ケネディ家 野望と権力の系譜 第4章 ~悲劇の相続~
プロローグ
1964年、7月の民主党大会。ケネディ大統領の暗殺から、8か月が経過していた。弟のロバートは、亡くなった兄への献辞を述べようとしたとき、割れるような喝采が、20分間も続いた。
ロバート・ケネディ「少しだけお話しさせていただきます。まず、この場を借りてお礼を申し上げます。全国の民主党支持の方々の――故ケネディ大統領へのご厚情に感謝いたします。彼を思い出すとき、ロミオとジュリエットの一節が浮かびます。“彼が死んだら、星屑にして夜空に飾ろう。そうすれば人は夜に恋し、昼などあがめなくなる”。」
演説を終えた瞬間、ロバートは、権力への階段に足を踏み出していた。
〔第4回 悲劇の相続〕
喪失の悲嘆
1963年、11月26日。ジョン・F・ケネディの権力の日々は、突然の暴力によって、ピリオドが打たれた。〔ケネディ大統領 国葬〕
兄を、そして兄の政権を支え続けてきたロバートにとって、それは、彼自身の人生を見失うほどの苦しみだった。
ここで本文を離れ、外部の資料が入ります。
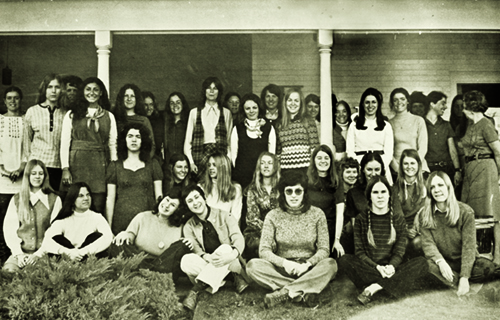 Pi Beta Phi sisters in 19732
ロバートの次男 下院議員 ロバート・ケネディ・ジュニア「事件以来、父はあまり口をきかなくなりました。ひどく内省的になり、部屋に閉じこもって本を読みふけっていました。そして、手に取る本といえば、ギリシャ悲劇や、実存主義の小説など、人間の悲劇を深く扱ったものばかりでした。」
リンドン・ジョンソンとの確執
(当時)ジョンソン大統領顧問 クラーク・クリフォード「ロバートは政府内で、耐え難い苦痛を味わっていました。自分が最も嫌悪する人物が、兄に代わって大統領執務室に陣取ったのです。ロバートは、副大統領だったリンドン・ジョンソンとは、ずっと以前から、犬猿の仲でした。大統領となったジョンソンに対して、彼が口にする言葉は、常に辛辣で、とげを含んでいました。」
1964年、公民権法が調印された。ケネディ政権の成果が、ジョンソンのもとで実を結ぶのを、ロバートは複雑な思いで見つめていた。そして彼は、今後の去就についても迷っていた。来る選挙で、ジョンソンが彼を副大統領候補に選ぶかどうかは、疑問だった。
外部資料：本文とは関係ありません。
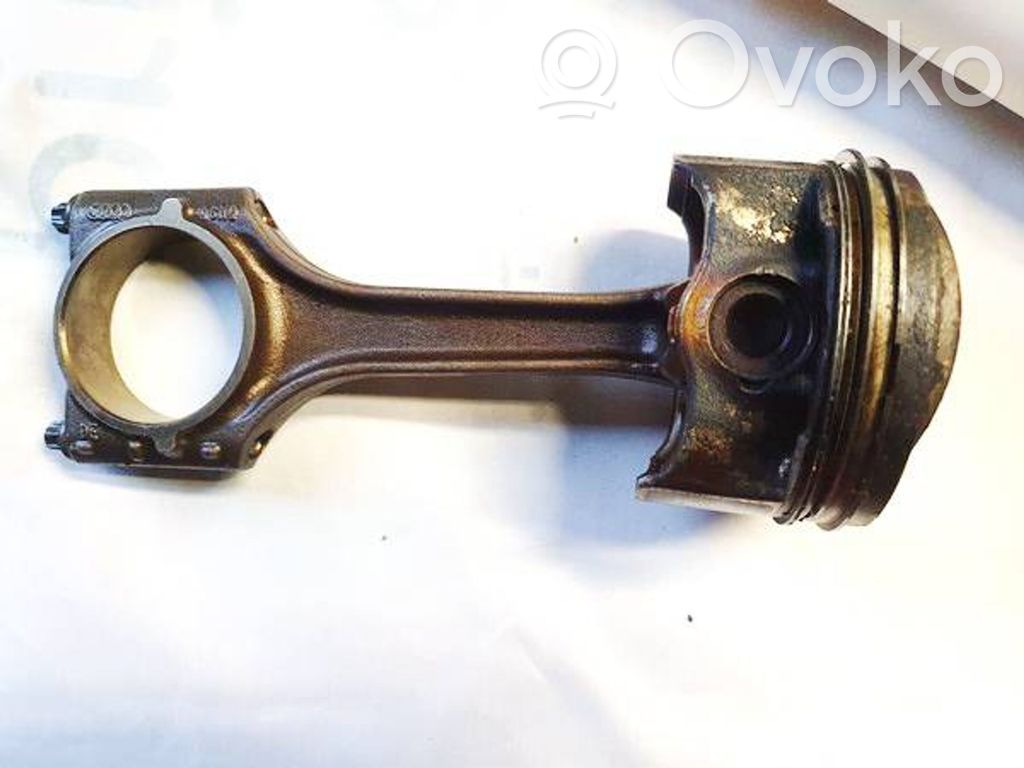 Skoda Superb B6 (3T) Piston with connecting rod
ロバート・ケネディ「今のところ――上院議員には立候補するか、州知事を目指すかを思案中です。」
アナウンサー「副大統領候補の可能性も当然あるかと思いますが?」
ロバート・ケネディ「それに関しては党大会と――ジョンソン大統領の意見次第です。」
アナウンサー「大統領との関係は?」
ロバート・ケネディ「良好です。問題ありません。」
アナウンサー「彼が副大統領になったとき、あなたは反対したとか?」
ロバート・ケネディ「彼を副大統領に選んだのはケネディ大統領であり、私は大統領の意向を尊重しました。」
(当時)ケネディ家の顧問 テッド・ソレンセン「明らかに、ロバートはジョンソンとは異なる立場に立ち、異なる目的を抱いていました。ロバートが政権内でやろうとしたのは、前のケネディ大統領の意思を遂行する事だけでした。ジョンソンが、現大統領としてロバートを退けたのは、当然と言えば当然です。」
ジョンソン大統領「副大統領選出にあたって民主党綱領を検討した結果、以下の結論が導き出されました。前閣僚および前閣僚と定期的に接触していた人物は、副大統領候補から除外します。」
ジョンソンは、ロバートを次期政権に寄せ付けないための法律を見出した。副大統領候補には、かつてのジョン・F・ケネディのライバル、ヒューバート・ハンフリーが選ばれた。
ニューヨーク州からの立候補
党大会が開かれるより前に、ロバートのほうも、異なる道を歩き始めていた。ニューヨーク州から上院選に出馬することを決めたのである。激しい戦いが予想された。ロバートはニューヨークの住民ではなく、拠り所となる足場も、地元の支援組織も持っていなかった。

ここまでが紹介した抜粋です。